From the data that follows, print exactly the lines starting at the one containing "リール(rire) デザインカラーレイヤーカットウェットヘア夏オリーブベージュ" and ending at the one containing "X USA JERSEY"; include both of them and nothing more.

BEGIN Supplied records

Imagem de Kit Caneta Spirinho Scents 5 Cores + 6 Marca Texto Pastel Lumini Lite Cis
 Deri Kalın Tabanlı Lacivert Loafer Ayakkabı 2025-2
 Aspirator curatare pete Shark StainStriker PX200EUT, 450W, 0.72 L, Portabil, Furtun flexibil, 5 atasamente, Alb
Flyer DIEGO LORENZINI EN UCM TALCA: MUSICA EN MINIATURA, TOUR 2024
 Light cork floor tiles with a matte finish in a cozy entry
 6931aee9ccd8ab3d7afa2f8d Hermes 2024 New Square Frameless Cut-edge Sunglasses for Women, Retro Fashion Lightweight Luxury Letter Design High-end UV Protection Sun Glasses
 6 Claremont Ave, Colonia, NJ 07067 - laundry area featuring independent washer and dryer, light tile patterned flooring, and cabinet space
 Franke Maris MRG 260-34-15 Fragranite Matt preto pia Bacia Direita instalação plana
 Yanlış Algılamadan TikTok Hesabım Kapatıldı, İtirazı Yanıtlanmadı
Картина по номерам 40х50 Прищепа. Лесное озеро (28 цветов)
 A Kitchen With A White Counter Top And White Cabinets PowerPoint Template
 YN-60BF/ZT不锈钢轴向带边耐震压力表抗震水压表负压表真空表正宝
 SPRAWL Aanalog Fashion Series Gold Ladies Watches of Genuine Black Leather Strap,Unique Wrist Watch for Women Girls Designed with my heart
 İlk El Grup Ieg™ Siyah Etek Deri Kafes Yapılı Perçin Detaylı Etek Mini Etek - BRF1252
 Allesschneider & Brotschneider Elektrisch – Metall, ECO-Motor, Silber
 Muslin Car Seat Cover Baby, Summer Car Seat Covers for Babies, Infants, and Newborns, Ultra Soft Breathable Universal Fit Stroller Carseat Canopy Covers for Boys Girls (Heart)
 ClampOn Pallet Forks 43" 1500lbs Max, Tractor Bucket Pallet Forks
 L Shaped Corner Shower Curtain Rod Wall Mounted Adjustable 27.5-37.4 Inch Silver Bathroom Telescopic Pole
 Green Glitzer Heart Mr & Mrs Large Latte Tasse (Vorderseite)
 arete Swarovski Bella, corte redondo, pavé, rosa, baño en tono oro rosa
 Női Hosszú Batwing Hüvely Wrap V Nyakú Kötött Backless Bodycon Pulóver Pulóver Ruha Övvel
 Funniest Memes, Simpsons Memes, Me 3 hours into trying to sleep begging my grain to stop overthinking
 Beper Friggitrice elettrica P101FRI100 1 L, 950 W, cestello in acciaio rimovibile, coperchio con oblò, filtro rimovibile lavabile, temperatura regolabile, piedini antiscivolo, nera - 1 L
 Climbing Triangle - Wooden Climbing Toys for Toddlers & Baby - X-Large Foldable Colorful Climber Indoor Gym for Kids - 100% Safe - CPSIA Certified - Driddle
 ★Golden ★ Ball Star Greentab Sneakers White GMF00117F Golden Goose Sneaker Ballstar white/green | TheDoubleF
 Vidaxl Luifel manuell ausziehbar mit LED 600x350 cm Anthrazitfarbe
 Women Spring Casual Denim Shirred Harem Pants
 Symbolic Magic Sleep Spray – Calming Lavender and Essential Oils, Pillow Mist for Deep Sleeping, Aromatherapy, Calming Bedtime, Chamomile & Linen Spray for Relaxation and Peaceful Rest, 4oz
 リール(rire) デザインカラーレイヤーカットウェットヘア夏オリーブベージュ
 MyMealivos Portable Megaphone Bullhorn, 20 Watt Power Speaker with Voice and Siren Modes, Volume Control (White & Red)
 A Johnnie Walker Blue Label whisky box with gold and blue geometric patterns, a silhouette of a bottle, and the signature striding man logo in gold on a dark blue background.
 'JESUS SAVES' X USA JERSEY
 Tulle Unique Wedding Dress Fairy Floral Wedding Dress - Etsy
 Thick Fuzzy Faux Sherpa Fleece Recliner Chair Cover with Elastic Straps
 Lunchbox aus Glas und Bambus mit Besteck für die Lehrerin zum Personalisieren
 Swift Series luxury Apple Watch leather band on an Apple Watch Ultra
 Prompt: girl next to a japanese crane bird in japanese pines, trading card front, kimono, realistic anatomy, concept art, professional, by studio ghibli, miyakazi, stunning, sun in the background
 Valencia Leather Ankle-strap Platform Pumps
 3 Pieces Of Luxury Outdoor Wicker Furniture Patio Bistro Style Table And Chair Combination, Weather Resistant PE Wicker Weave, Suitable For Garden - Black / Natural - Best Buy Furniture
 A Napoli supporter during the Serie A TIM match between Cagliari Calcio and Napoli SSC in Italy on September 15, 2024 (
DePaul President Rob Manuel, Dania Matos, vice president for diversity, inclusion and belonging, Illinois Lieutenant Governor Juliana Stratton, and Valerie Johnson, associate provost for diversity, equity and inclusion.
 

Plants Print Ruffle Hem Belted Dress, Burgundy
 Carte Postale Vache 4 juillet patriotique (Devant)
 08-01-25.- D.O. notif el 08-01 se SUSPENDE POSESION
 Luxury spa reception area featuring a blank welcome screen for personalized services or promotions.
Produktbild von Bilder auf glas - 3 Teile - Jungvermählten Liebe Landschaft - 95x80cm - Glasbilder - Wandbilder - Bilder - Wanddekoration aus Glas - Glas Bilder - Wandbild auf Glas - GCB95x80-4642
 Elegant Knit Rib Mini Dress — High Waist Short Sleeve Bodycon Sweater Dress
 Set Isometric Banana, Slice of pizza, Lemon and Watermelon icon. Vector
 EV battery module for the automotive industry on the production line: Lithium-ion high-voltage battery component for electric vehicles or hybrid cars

END Supplied records

Answer to this task
 リール(rire) デザインカラーレイヤーカットウェットヘア夏オリーブベージュ
 MyMealivos Portable Megaphone Bullhorn, 20 Watt Power Speaker with Voice and Siren Modes, Volume Control (White & Red)
 A Johnnie Walker Blue Label whisky box with gold and blue geometric patterns, a silhouette of a bottle, and the signature striding man logo in gold on a dark blue background.
 'JESUS SAVES' X USA JERSEY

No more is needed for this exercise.